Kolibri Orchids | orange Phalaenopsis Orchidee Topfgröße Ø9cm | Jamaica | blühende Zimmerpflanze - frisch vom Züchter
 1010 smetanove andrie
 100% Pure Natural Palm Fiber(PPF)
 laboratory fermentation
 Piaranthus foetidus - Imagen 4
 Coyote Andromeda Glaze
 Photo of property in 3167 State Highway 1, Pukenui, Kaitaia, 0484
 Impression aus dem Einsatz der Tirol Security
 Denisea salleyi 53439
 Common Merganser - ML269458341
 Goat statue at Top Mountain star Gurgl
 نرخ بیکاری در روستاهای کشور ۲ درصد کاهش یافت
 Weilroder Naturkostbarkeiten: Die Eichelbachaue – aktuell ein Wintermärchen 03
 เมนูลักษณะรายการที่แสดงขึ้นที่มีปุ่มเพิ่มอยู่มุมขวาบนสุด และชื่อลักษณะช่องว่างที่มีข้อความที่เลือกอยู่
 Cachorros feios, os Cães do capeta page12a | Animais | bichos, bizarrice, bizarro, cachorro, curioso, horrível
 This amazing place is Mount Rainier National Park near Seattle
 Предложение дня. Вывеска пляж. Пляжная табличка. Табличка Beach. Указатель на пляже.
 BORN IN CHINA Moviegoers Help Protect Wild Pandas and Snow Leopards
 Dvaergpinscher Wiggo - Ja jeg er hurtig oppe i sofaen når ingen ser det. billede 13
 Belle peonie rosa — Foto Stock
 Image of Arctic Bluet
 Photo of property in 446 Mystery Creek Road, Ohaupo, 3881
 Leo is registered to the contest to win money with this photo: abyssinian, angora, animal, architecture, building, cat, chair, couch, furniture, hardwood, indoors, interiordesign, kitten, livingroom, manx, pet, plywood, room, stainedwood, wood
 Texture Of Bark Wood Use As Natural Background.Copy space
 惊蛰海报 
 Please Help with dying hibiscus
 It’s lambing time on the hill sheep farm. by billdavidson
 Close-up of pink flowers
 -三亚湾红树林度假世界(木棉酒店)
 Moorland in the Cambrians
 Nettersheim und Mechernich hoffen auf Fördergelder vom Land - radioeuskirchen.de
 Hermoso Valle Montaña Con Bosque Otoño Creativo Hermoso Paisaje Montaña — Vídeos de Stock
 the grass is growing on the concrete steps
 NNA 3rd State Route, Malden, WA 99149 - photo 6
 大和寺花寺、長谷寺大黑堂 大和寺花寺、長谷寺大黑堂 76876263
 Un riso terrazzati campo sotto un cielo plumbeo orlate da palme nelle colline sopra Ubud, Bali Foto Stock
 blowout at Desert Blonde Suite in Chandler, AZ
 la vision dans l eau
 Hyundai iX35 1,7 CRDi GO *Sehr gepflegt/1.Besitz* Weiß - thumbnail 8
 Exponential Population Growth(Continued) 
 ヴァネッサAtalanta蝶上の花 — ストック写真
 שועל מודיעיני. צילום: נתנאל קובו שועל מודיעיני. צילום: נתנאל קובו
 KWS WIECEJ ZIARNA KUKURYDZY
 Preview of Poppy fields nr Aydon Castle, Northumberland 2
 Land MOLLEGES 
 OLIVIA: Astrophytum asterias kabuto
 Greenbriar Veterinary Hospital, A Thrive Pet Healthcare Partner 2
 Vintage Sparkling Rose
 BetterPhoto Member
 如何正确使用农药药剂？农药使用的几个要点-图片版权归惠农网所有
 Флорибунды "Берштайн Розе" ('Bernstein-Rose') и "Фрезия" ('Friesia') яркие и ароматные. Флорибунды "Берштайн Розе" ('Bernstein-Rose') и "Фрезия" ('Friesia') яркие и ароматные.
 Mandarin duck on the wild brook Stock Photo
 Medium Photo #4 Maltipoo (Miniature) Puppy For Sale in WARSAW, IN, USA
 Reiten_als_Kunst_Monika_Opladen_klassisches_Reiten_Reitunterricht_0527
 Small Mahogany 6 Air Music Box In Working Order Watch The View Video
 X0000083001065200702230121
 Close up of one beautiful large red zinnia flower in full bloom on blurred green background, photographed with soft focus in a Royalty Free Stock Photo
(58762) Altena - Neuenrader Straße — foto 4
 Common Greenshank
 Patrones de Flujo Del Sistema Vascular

EXERCISE -
Starting with the line with "laboratory fermentation" above and going on through the line with "เมนูลักษณะรายก", transcribe every line exactly, both ends included, and add nothing.

ANSWER FOR THE TASK -
 laboratory fermentation
 Piaranthus foetidus - Imagen 4
 Coyote Andromeda Glaze
 Photo of property in 3167 State Highway 1, Pukenui, Kaitaia, 0484
 Impression aus dem Einsatz der Tirol Security
 Denisea salleyi 53439
 Common Merganser - ML269458341
 Goat statue at Top Mountain star Gurgl
 نرخ بیکاری در روستاهای کشور ۲ درصد کاهش یافت
 Weilroder Naturkostbarkeiten: Die Eichelbachaue – aktuell ein Wintermärchen 03
 เมนูลักษณะรายการที่แสดงขึ้นที่มีปุ่มเพิ่มอยู่มุมขวาบนสุด และชื่อลักษณะช่องว่างที่มีข้อความที่เลือกอยู่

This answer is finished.